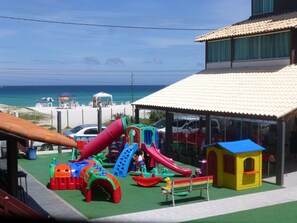 Un parque infantil con toboganes y estructuras para escalar, una playa al fondo y un edificio con tejado de baldosas.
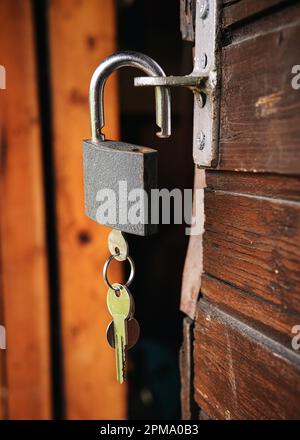 Classic metal padlock hanging at old wooden cottage, keys inside, closeup detail Stock Photo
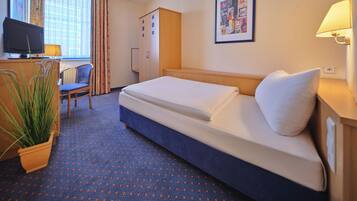 Ein Hotelzimmer mit Bett, Schreibtisch mit Computer, Stuhl, Kleiderschrank und einer Zimmerpflanze.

▶ **YOUR GOAL**
Could you write out the whole listing exactly, dropping the pictures?

▶ **RESULT OF THIS EXERCISE**
 Un parque infantil con toboganes y estructuras para escalar, una playa al fondo y un edificio con tejado de baldosas.
 Classic metal padlock hanging at old wooden cottage, keys inside, closeup detail Stock Photo
 Ein Hotelzimmer mit Bett, Schreibtisch mit Computer, Stuhl, Kleiderschrank und einer Zimmerpflanze.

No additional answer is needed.